How to know if php script is called via require_once()?

Question

My webapp has a buch of modules. Each module has a 'main' php script which loads submodules based on a query sent to the main module:

//file: clientes.php

//check for valid user...
//import CSS and JS...

switch( $_GET["action"] )
{
    case "lista" :          require_once("clientes.lista.php"); break;
    case "listaDeudores" :  require_once("clientes.listaDeudores.php"); break;
    case "nuevo" :          require_once("clientes.nuevo.php"); break;
    case "detalles" :       require_once("clientes.detalles.php"); break;
    case "editar" :         require_once("clientes.editar.php"); break;         
    default : echo "<h1>Error</h1><p>El sitio ha encontrado un error.</p>";
} 

This main module deals with security and imports many resources all submodules need. The big problem shows up when a user asks for any of the submodules, bypassing all the security measures on the main module! My idea was to add a line on every submodule to test if it was being called directly and deny access or if its been called via another script, and continue. The least thing I would like to do is redo the security checking on every single file, since it does a bunch of query's to the database.

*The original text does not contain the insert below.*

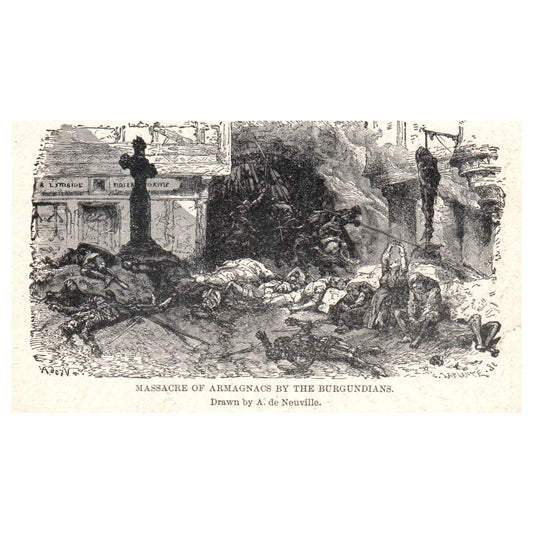 Massacre of Armagnacs by the Burgundians A. De Neuville 1911 Engraving AF5-M3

Does a php script know if its been called via a require_once() or a direct call ? I've been trying to implement some sort of $_SERVER['REQUEST_URI'] and $_SERVER['PHP_SELF'] pitfall but I was wondering if there was some sort of an elegant way of doing this.

Answer 1

I was looking for a way to determine if a file have been included or called directly, all from within the file. At some point in my quest I passed through this thread. Checking various other threads on this and other sites and pages from the PHP manual I got enlightened and came up with this piece of code:

if ( basename(__FILE__) == basename($_SERVER["SCRIPT_FILENAME"]) ) {
  echo "called directly";
}

else {
  echo "included/required"
}

In essence it compares if the name of the current file (the one that could be included) is the same as the file that is beeing executed.

---

EXPLANATION:

• __FILE__ is a PHP magic constant that stores the full path and filename of the file, the beauty of it is that if the file has been included or required it still returns the full path and filename of such file (the included file).
  (Magic Constants Manual: http://php.net/manual/en/language.constants.predefined.php)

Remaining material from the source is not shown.